== Action item ==
From the entries that follow, copy exactly the lines beginning at the line holding "You can also" and continuing through the line holding "It may take".

== Information provided ==
------------------------
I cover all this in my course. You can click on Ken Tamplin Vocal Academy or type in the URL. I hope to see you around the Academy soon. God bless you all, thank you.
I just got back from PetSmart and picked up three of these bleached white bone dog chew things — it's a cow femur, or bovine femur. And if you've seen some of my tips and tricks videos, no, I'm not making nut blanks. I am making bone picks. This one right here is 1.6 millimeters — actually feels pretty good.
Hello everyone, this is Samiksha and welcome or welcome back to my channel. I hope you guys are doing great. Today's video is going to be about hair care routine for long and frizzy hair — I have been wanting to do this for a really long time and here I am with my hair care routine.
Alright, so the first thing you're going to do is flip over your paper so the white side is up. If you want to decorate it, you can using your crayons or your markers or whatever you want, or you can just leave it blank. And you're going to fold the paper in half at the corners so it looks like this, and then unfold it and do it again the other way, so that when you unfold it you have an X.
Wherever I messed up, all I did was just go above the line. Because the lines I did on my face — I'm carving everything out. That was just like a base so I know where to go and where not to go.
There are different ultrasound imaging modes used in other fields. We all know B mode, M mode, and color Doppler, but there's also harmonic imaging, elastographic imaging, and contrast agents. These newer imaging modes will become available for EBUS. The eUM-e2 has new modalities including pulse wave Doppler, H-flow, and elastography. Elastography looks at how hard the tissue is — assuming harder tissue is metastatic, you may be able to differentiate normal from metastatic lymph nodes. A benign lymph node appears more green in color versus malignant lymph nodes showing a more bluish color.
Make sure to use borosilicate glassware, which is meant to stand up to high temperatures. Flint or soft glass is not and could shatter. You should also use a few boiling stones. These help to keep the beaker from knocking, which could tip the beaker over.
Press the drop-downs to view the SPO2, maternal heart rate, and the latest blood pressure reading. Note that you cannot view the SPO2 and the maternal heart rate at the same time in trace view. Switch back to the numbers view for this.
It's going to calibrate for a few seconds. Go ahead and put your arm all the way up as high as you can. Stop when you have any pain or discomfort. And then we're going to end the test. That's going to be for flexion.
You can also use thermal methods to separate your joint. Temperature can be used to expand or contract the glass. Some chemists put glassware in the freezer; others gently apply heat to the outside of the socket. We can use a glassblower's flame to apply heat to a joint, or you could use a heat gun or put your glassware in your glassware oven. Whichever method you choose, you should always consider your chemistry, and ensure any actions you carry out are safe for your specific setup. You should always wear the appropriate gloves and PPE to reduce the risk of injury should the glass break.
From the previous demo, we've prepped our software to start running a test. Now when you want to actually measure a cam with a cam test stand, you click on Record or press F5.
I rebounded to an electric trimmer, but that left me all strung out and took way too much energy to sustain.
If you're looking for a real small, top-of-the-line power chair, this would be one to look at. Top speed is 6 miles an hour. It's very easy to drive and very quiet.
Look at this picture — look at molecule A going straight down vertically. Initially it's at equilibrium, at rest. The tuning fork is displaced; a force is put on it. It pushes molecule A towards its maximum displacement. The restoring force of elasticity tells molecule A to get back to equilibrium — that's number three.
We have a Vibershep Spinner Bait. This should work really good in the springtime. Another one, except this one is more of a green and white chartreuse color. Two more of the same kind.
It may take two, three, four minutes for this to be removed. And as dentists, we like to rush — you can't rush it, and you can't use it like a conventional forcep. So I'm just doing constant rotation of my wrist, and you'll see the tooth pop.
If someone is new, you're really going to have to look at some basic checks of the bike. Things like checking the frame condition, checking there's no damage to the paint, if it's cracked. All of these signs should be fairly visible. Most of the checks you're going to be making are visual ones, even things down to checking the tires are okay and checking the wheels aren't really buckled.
------------------------
== Solution for this task ==
You can also use thermal methods to separate your joint. Temperature can be used to expand or contract the glass. Some chemists put glassware in the freezer; others gently apply heat to the outside of the socket. We can use a glassblower's flame to apply heat to a joint, or you could use a heat gun or put your glassware in your glassware oven. Whichever method you choose, you should always consider your chemistry, and ensure any actions you carry out are safe for your specific setup. You should always wear the appropriate gloves and PPE to reduce the risk of injury should the glass break.
From the previous demo, we've prepped our software to start running a test. Now when you want to actually measure a cam with a cam test stand, you click on Record or press F5.
I rebounded to an electric trimmer, but that left me all strung out and took way too much energy to sustain.
If you're looking for a real small, top-of-the-line power chair, this would be one to look at. Top speed is 6 miles an hour. It's very easy to drive and very quiet.
Look at this picture — look at molecule A going straight down vertically. Initially it's at equilibrium, at rest. The tuning fork is displaced; a force is put on it. It pushes molecule A towards its maximum displacement. The restoring force of elasticity tells molecule A to get back to equilibrium — that's number three.
We have a Vibershep Spinner Bait. This should work really good in the springtime. Another one, except this one is more of a green and white chartreuse color. Two more of the same kind.
It may take two, three, four minutes for this to be removed. And as dentists, we like to rush — you can't rush it, and you can't use it like a conventional forcep. So I'm just doing constant rotation of my wrist, and you'll see the tooth pop.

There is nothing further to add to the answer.